Some of the points are also found in another ISIS publication titled Hazih `Aqidatuna Wa Haza Manhajuna (This is our creed and our way).
All the above mentioned documents are distributed online by ISIS online machineries and among its online supporters.
This article will focus on the 40-points list on takfir because of its concise and easily digestible content which also directly addresses the topic at hand.
The 40 points could be summarised as follows:
- The point begins with a warning against all types of extremism in takfir.
- ISIS rejects the Murji`ite’s doctrines, a) al-irja’ (deferred judgment on faith) that views God as the sole authority to judge who is Muslim and who is not in the Afterlife, and b) Muslims should regard any person who is outwardly Muslim as part of the Muslim community even if he commits grave sin because sin has no adverse effect on salvation as long he remains faithful.
- ISIS’ stand on takfir is based on the creed of the Sunni and guided by the tradition of noble Sunni scholars.
- ISIS regards all who proclaim the Shahadah (Testimony of Faith) as Muslims, until proven otherwise.
- ISIS’ method of takfir on a specific person or organisation is premised on the following conditions
– it must be based on clear and strong evidences that are soundly established, not speculations
– it must meet all the necessary requirements required by the shari`ah
– it must be free from inhibitions recognised by the shari`ah
– the person involved must be presented with the right argument and evidence first
– it must be issued by ISIS’ authorised bodies.
- ISIS do not perform takfir on all Muslims today, or those who commit sins except if they regard them as halal, or those who do not join ISIS, or those who differ, criticise or fight ISIS, or Muslims who live in non-Muslim countries.
- ISIS rules the following people as kafir (disbelievers)
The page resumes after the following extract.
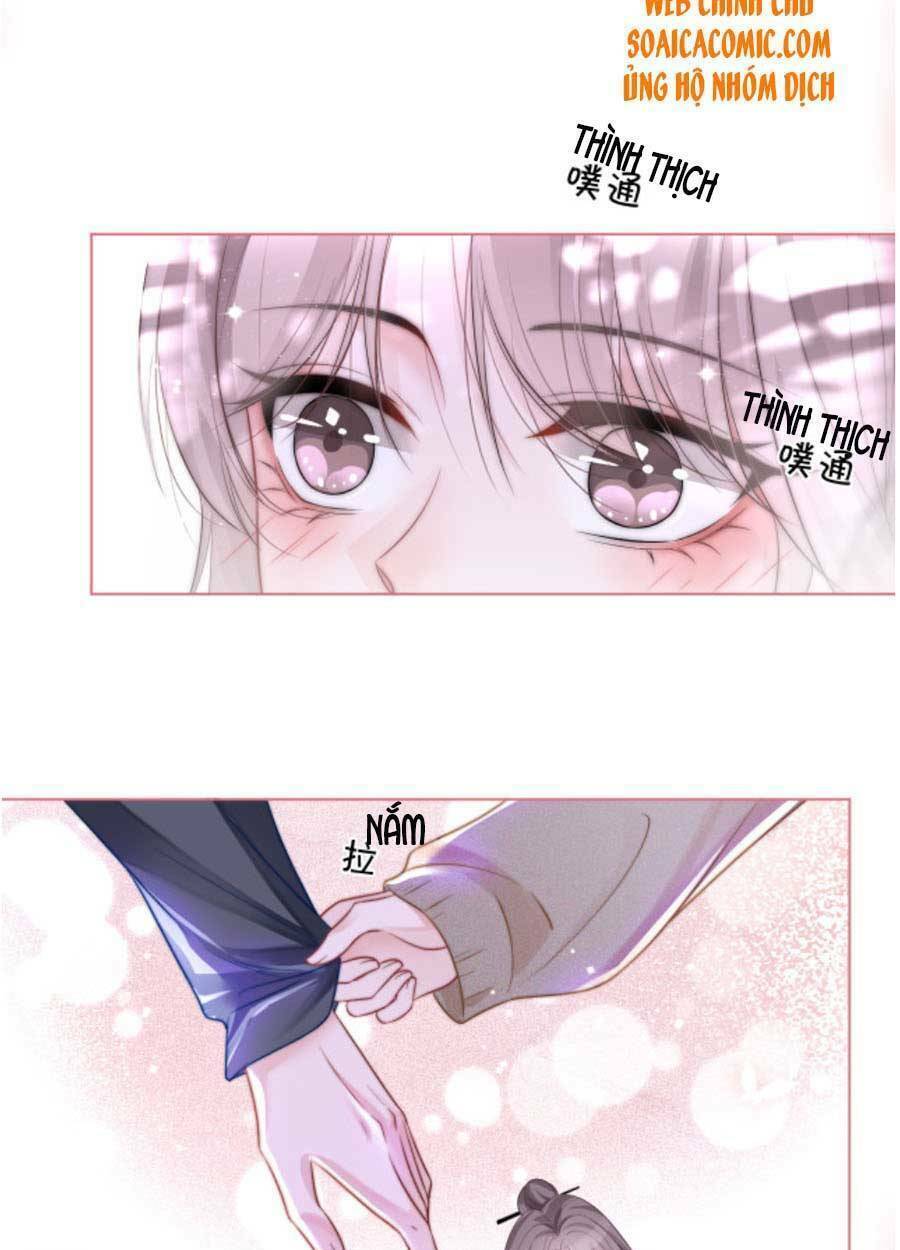 Được Các Anh Trai Chiều Chuộng Tôi Trở Nên Ngang Tàng Chapter 59 - Trang 2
– a person who performs any ofthe ten nullifiers of faith
– all Twelver Shiites – both ordinary person and scholars
– those who reject the takfir of Twelver Shiite scholars(not the takfir on an ordinary person), as disbelievers
– all parties based on communism, secularism, nationalism and liberalism; proponents of democracy and those who participate in its process; all governments that do not rule by the shari`ah and members of its military, police officers, intelligence, executive and judiciary apparatuses
– all those who seek to judge by civil laws
– those who mock and insult the Prophet and his noble family members
– all Baathist
– all leaders of Islamic Party of Iraq, not its ordinary members
– all practitioners of sorcery.
One feature which stands out from ISIS’ materials on the issue of takfir is its attempt to deflect criticism from various parties that it is a takfiri movement which is deserving of its status as a modern day Kharijite who is denounced in various authentic hadiths and in Sunni tradition and to subsequently portray itself as a staunch Sunni movement that deserves support especially from jihadist circles and from Sunni Muslims in general.
This could be deduced from the way the list was composed.
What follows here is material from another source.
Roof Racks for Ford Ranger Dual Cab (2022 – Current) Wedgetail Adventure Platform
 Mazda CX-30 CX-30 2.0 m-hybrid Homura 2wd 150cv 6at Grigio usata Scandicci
Firstly, the first point in the list ironically asserts ISIS’ denunciation of all forms of extremism in takfir.
Secondly, the first eight points seeks to inform what ISIS is not in the matter of takfir, instead of describing what its stand on takfir actually is. This indicates its apologetic tone due to various accusations of takfirism against it. This accusation which comes together with the Kharijite label does not come only from prominent individual scholars and Muslim bodies all over the world but also from radical jihadist circles such as leaders of Al-Qaeda.
Abu Musab Al-Zarqawi who led Al-Qaeda in Iraq – the group that preceded ISIS – was counselled by his religious mentor Abu Muhammad Al-Maqdisi on, among other things, the former’s permissive approach to takfir as a justification for Al-Qaeda’s indiscriminate bombing of Iraqi civilians.
However, three examples could be highlighted here that would expose ISIS’ mask of fidelity to mainstream Sunni tradition and its claim of rejection of all types of extremist understandings of takfir.
Example no. 1
First example is ISIS’ pronouncement of takfir on Hamzah Yusuf and Yasir Qadhi.
Hamzah Yusuf is a Muslim scholar who heads Zaytuna College based in Berkeley, California, United States of America.
Yasir Qadhi is also a Muslim scholar based in the United States. He holds a doctoral degree in religious studies from Yale University and a teaching position in the Religious Department of Rhodes College and is also the Dean of Academic Affairs at Al-Maghrib Institute.
This pronouncement was publicly made known in Dabiq,which is ISIS’ official online magazine, issue number 7. Photo of both scholars were published with the caption “murtad” (apostate) for their condemnation of the assault on Charlie Hebdo.
Theologically, this pronouncement falls under takfir mu`ayyan (takfir made against specific individuals or organisation).
Other than the photos with the above mentioned caption published under an article that seeks to offer theological justification for the attack on Charlie Hebdo and condemn those who denounce it, there was no detailed explanation for this specific takfir based on the statement made by both scholars such as which aspects of the statements are deemed to cause apostasy and why and on what theological basis do these statements cause apostasy. There was also no clear explanation on the part of ISIS in detailing the process it has taken to make such pronouncements; whether ISIS has communicated to them its ruling and given them a chance to defend themselves against ISIS’ arguments and who were the scholars involved in making such rulings.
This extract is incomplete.